# Deck of Cards Probability Question

1. Jan 9, 2010

### mr.physics

1. The problem statement, all variables and given/known data

What is the probability of gettting four-of-a-kind in a thirteen card hand dealt from a standard fifty two card deck?

2. Relevant equations

3. The attempt at a solution

2. Jan 9, 2010

### pbandjay

Are you asking for the probably at least one four of a kind? Or is having multiple four of a kinds in the hand illegal?

3. Jan 10, 2010

### mr.physics

I am asking for at least one four of a kind.

4. Jan 10, 2010

### vela

Staff Emeritus
I got about 3.43%. What have you tried so far?

5. Jan 10, 2010

### pbandjay

I got this answer as well.

6. Jan 10, 2010

### mr.physics

I got .0753 = ((13)(52C9))/(52C13) although i suspect that there are some repetitious combinations ie. 4,4,4,4,5,6,7,7,7,7,5,6,2 and 7,7,7,7,5,6,4,4,4,4,5,6,2.

Could you explain how you arrived at your answer?

7. Jan 10, 2010

### vela

Staff Emeritus
Your mistake is in the numerator. After you draw the four of a kind, how many cards are left from which to draw the remaining 9 cards?

8. Jan 10, 2010

### mr.physics

ahh, i see
Thanks!
I'm still not sure how to eliminate the repetitious combinations though...

9. Jan 10, 2010

### vela

Staff Emeritus
You haven't eliminated repetitions like getting two or three sets of four of a kind, but that's okay because you said you wanted the probability of at least one four of a kind, not exactly one four of a kind.

10. Jan 10, 2010

### mr.physics

"You haven't eliminated repetitions like getting two or three sets of four of a kind"
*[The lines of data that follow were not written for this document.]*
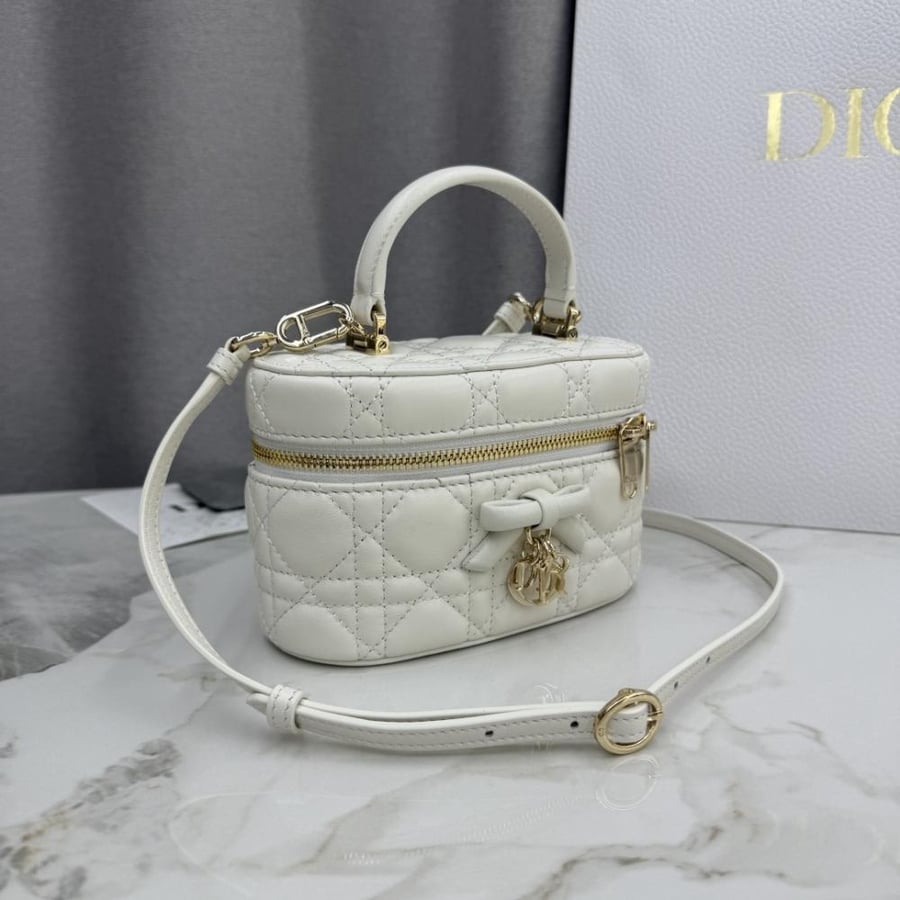 Diors size 17/10.5 cm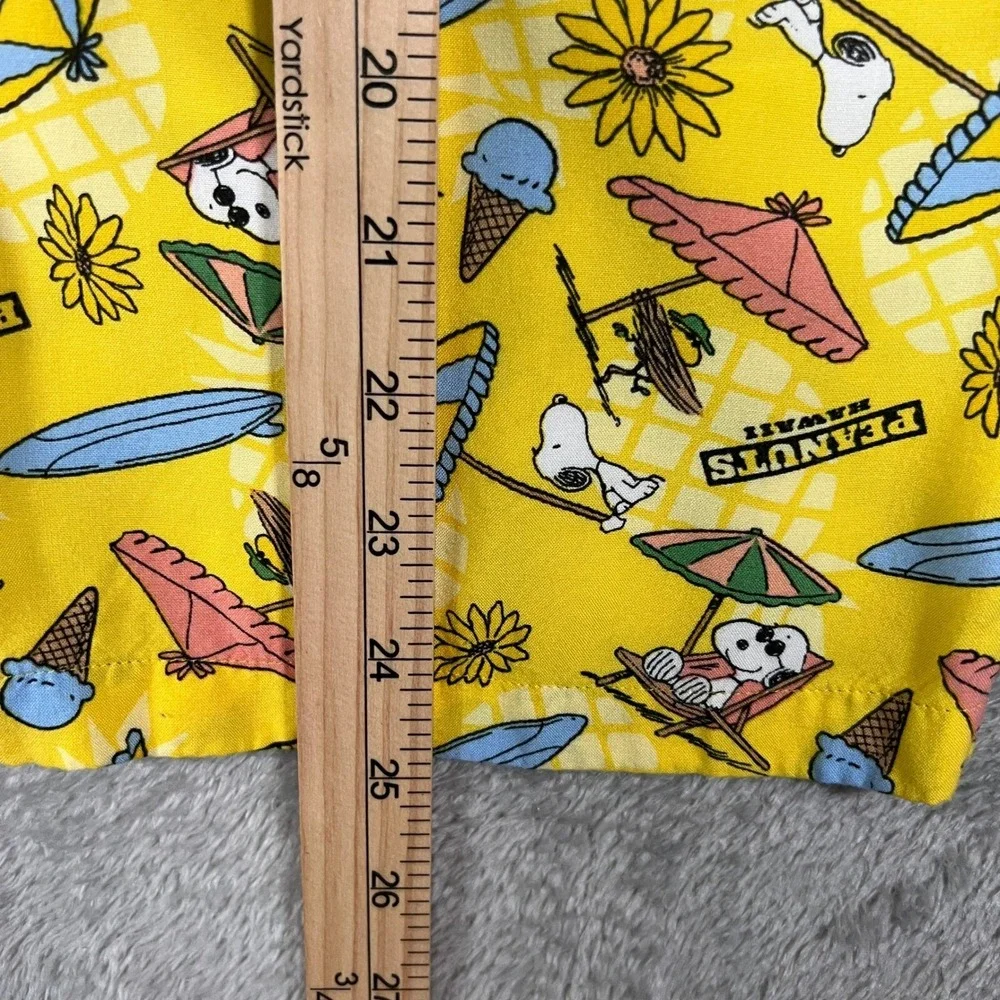 Uniqlo peanuts snoopy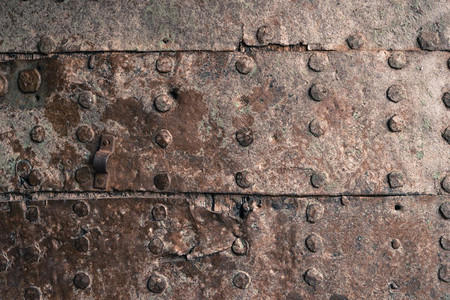 生锈的金属质料坚固的铁板古老锈门上刺青古老粗金刚石质料图片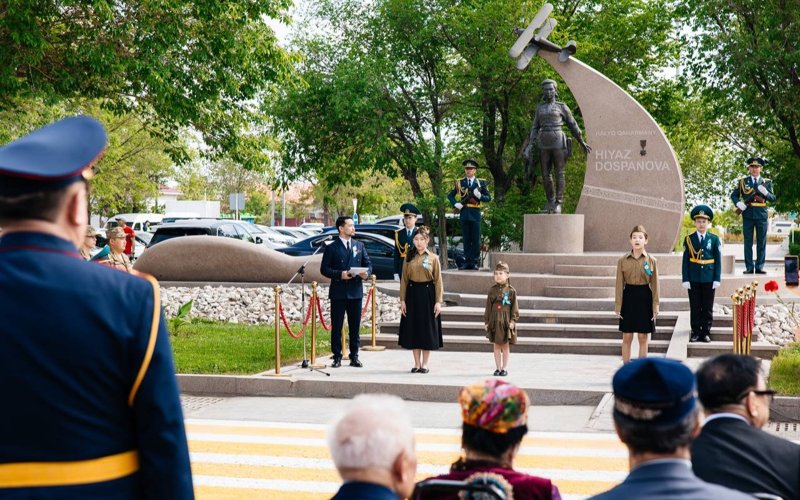 Атыраулықтар Хиуаз Доспанованың әуежайдағы ескерткішіне гүл шоғын қойды Атыраулықтар Хиуаз Доспанованың әуежайдағы ескерткішіне гүл шоғын қойды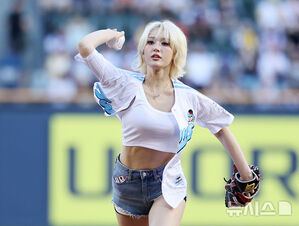 【フォト】チョン・ソミ「見事なフォームで始球式」　／ソウル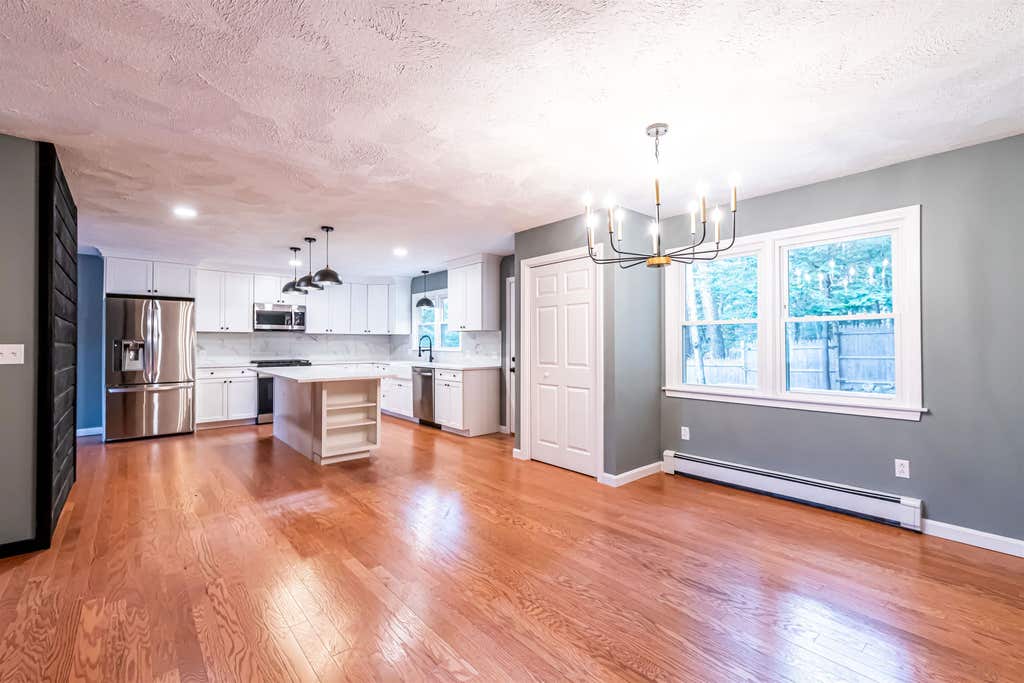 Photo of 9 Hilltop Drive, Plymouth, NH 03264 (MLS # 5104384)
In calculating the combinations for any particular four-of-a-kind, for example for the combinations of the four-of-a-kinds for cards 4 and 7, there will be one combination that is counted twice: 4,4,4,4,5,6,7,7,7,7,5,6,2 and 7,7,7,7,5,6,4,4,4,4,5,6,2.

11. Jan 10, 2010

### vela

Staff Emeritus
Yeah, you're right. I'll have to ponder this a bit.

12. Jan 10, 2010

### vela

Staff Emeritus
This might help:

$$\{\texttt{hands with three four-of-a-kinds}\} \subset \{\texttt{hands with at least two four-of-a-kinds}\}$$
$$\subset \{\texttt{hands with at least one four-of-a-kind}\}$$

Last edited: Jan 10, 2010
13. Jan 10, 2010

### LCKurtz

I agree, but remember probabilities are numbers between 0 and 1, not percentages.

So you mean .034 approximately.